ABOUT THIS TASK
In the records below, begin at the line that has "Kate McEnroe New" and stop after the line that has "Obraz premium Tractor harvests wheat"; quote those lines verbatim and nothing more.

DATA FOR THE TASK
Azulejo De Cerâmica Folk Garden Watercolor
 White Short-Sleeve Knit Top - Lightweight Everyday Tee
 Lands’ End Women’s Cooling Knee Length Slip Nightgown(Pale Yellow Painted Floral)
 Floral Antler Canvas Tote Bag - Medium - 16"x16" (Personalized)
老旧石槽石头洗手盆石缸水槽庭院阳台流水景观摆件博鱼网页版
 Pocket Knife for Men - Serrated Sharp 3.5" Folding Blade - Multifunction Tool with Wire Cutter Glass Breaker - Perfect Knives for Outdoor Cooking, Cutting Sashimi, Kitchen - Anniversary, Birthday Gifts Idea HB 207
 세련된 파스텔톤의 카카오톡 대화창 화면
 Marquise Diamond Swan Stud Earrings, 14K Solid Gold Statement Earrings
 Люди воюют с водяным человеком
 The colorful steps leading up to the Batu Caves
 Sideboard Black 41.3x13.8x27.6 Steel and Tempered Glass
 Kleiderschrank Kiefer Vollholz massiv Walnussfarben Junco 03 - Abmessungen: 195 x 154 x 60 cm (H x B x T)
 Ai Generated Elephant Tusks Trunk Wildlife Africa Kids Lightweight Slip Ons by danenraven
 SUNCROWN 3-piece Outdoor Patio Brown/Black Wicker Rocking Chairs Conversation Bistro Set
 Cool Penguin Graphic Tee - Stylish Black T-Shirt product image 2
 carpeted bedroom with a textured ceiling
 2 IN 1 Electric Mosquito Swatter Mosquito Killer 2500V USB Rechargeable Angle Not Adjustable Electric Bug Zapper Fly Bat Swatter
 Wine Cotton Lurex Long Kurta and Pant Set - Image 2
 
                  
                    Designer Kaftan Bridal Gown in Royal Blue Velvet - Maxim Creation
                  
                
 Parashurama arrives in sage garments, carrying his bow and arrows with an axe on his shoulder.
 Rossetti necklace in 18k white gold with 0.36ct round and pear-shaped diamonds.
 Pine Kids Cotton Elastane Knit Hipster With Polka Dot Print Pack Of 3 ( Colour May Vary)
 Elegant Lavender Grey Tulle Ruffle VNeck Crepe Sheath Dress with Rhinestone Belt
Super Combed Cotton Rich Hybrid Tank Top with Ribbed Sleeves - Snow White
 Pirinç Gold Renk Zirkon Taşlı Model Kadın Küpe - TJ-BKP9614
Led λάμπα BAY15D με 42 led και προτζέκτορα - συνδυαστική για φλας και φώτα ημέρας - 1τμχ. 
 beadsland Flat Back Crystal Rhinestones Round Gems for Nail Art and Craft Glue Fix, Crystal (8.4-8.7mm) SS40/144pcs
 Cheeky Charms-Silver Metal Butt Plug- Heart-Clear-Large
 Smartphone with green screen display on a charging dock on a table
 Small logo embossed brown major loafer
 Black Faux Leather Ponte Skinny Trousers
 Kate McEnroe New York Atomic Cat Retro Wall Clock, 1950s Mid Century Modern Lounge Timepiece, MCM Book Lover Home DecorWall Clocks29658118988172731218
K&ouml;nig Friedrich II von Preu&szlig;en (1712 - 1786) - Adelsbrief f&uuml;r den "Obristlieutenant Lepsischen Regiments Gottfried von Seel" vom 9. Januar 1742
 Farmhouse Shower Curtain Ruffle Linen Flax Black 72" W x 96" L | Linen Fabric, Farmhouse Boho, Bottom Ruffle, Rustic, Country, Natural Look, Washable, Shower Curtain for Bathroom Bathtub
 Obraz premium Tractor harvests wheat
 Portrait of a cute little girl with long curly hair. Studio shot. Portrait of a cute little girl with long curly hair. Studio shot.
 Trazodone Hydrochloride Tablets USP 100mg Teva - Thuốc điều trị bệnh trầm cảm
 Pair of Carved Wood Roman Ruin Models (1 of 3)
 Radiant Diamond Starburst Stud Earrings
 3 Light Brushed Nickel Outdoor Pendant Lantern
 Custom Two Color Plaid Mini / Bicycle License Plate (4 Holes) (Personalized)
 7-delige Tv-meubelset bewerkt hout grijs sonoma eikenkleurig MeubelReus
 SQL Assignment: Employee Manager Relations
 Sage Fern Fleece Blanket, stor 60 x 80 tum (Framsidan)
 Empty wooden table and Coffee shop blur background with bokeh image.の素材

EXPECTED ANSWER
 Kate McEnroe New York Atomic Cat Retro Wall Clock, 1950s Mid Century Modern Lounge Timepiece, MCM Book Lover Home DecorWall Clocks29658118988172731218
K&ouml;nig Friedrich II von Preu&szlig;en (1712 - 1786) - Adelsbrief f&uuml;r den "Obristlieutenant Lepsischen Regiments Gottfried von Seel" vom 9. Januar 1742
 Farmhouse Shower Curtain Ruffle Linen Flax Black 72" W x 96" L | Linen Fabric, Farmhouse Boho, Bottom Ruffle, Rustic, Country, Natural Look, Washable, Shower Curtain for Bathroom Bathtub
 Obraz premium Tractor harvests wheat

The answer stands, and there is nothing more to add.